A proposito di intercettazioni

L'inchiesta della procura di Milano si allarga, ora c'è anche l'accusa di corruzione

Un imprenditore dice di avere consegnato personalmente il nastro a Berlusconi

Repubblica racconta dei passi avanti fatti in questi giorni dall’inchiesta sulla pubblicazione da parte del Giornale della famosa intercettazione su Piero Fassino e il caso Unipol-Bnl (sì, proprio quella: “Ma abbiamo una banca?”).
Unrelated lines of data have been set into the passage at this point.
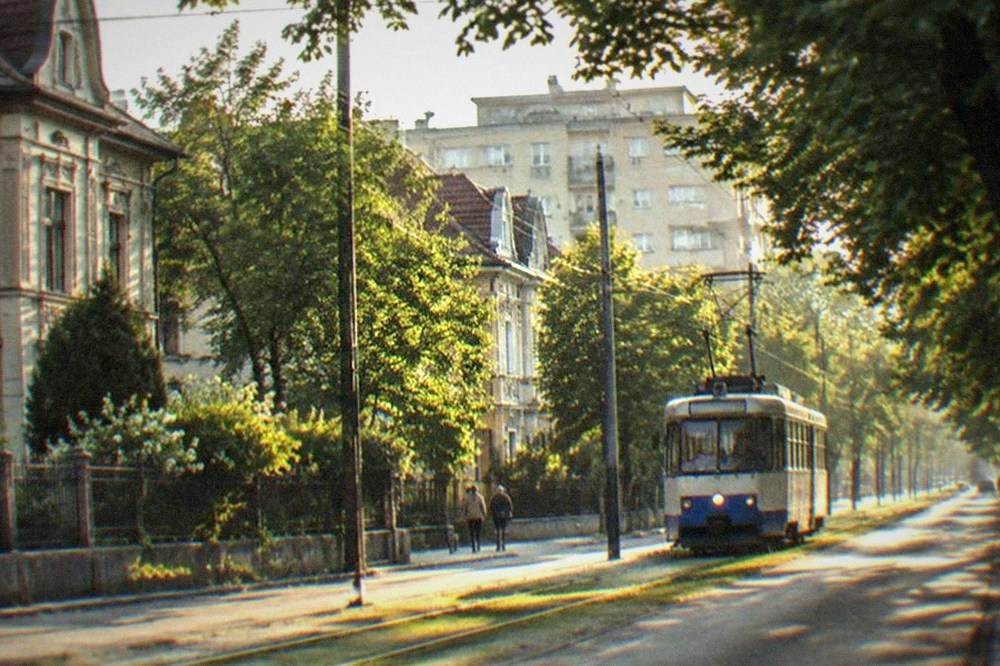 A tram moving along a tree-lined boulevard at the edge of Elisabetin with apartment blocks behind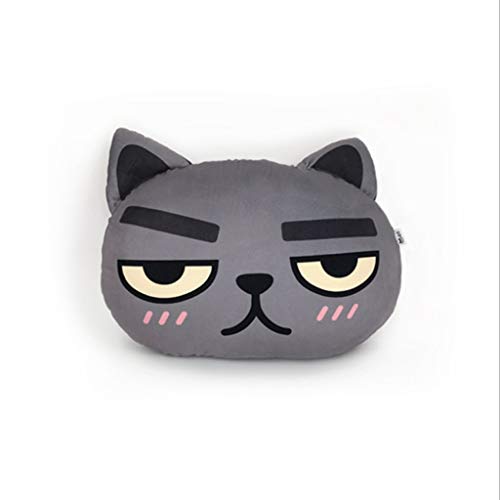 N/A Accueil Canapé Oreiller, Cartoon Animaux Chambre de Chevet Oreiller, Bureau Lombaire Coussin, Coussin de siège de Voiture (Color : B, Size : 38×48cm)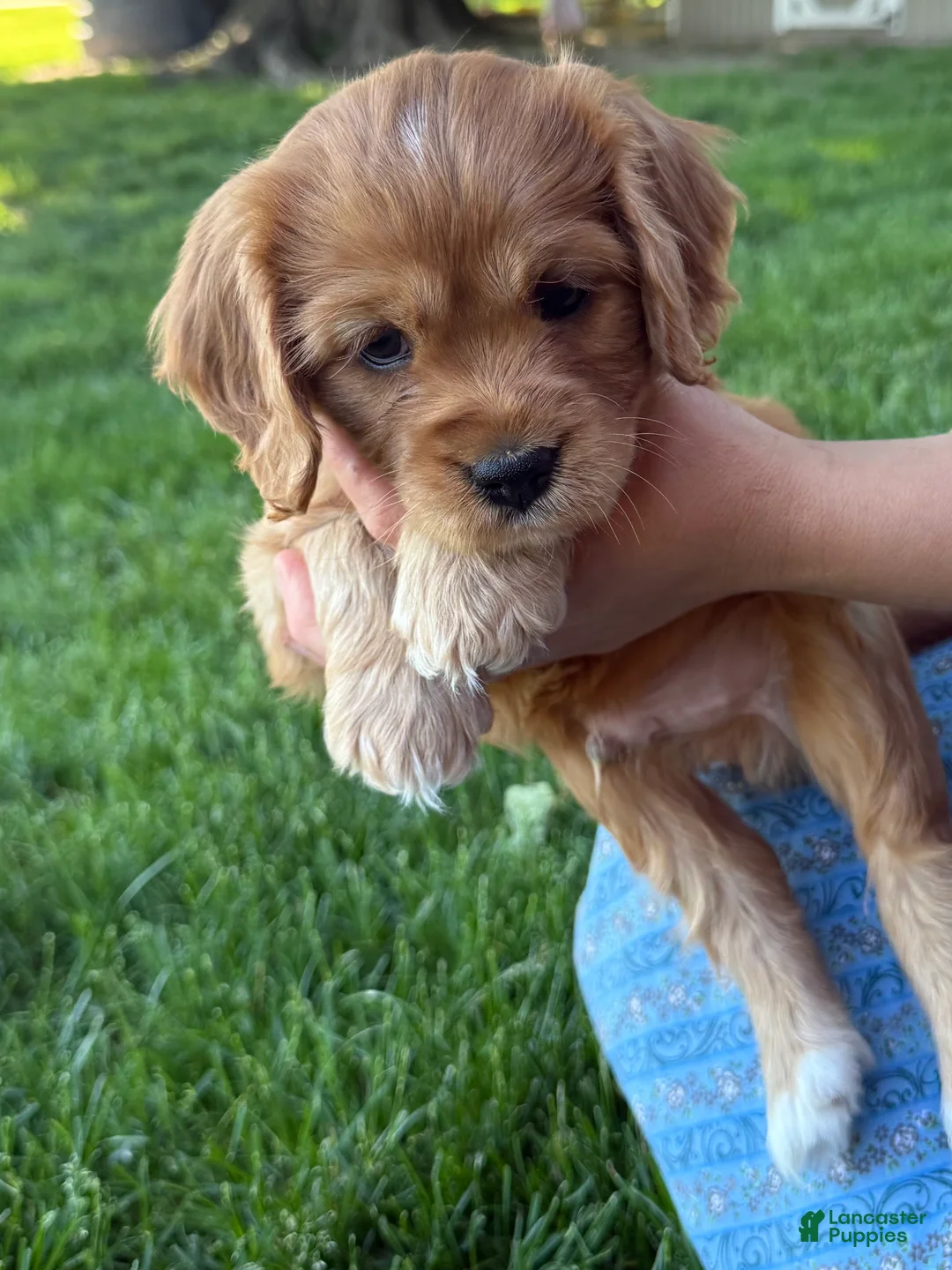 Cavapoo dogs for sale: Mickey Cavapoo Puppy  - Ad 1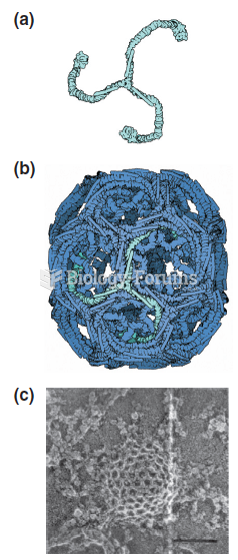 Structure of a clathrin-coated pit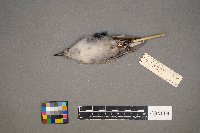 Sitta carolinensis image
L’inchiesta è in corso alla procura di Milano: gli indagati sono Roberto Raffaelli, ex numero uno della società di intercettazioni RCS (che non ha niente a che fare con l’omonimo gruppo editoriale), e l’imprenditore Fabrizio Favata. La notizia di oggi è che i capi d’accusa stanno aumentando: inizialmente si indagava solo per la violazione dei server della procura, oggi si indaga anche per corruzione.

Lo scorso dicembre Claudia Fusani ricostruiva così l’intera vicenda sull’Unità.

L’intercettazione è stata catalogata tra i misteri d’Italia: per evitare fughe di notizie l’unica copia infatti era custodita dalla procura di Milano in un archivio sigillato della Provincia; invece il nastro trovò mani che lo fecero uscire e il suo contenuto fu pubblicato su Il Giornale la mattina del 31 dicembre 2005. La svolta è recente, ed è legata a una denuncia presentata alla procura che ha come protagonisti un imprenditore milanese con un fallimento alle spalle, “Alfa” appunto, l’ad di Rcs, Raffaelli, e Paolo Berlusconi. Ecco la ricostruzione. Dicembre 2005. Alla vigilia di Natale Raffaelli si rivolge ad Alfa, a cui è legato da vecchi rapporti di lavoro, e gli spiega che vorrebbe incontrare il presidente del Consiglio perché ha «un regalo per lui».

Oggi sappiamo che Alfa è Fabrizio Favata, che più avanti promise pure di fornire all’Unità “un memoriale fornito di file audio” (per questo la stessa Fusani venne successivamente interrogata e perquisita dalla Digos). Siamo nel dicembre 2006: secondo gli inquirenti Favata, Raffaelli e Paolo Berlusconi si vedono ad Arcore il giorno della vigilia di Natale, e questo è confermato dalla localizzazione delle chiamate dai/ai loro telefoni cellulari.

La procura ha assunto anche la testimonianza di uno dei tre presenti all’incontro, da cui risulta che il presidente del Consiglio avrebbe ricevuto quel pomeriggio il file con l’intercettazione telefonica tra Fassino e Consorte, lo avrebbe ascoltato e ringraziato vivamente i suoi ospiti. Di quel file erano in possesso solo la Procura – che stava indagando sulle scalate bancarie – e la Rcs, cioè Raffaelli, che per conto delle procure ha in appalto le registrazioni delle telefonate in mezza Italia.

Il resto è la storia che conosciamo: qualche giorno dopo l’incontro il Giornale, il cui proprietario è proprio Paolo Berlusconi, pubblicherà il testo dell’intercettazione di Fassino.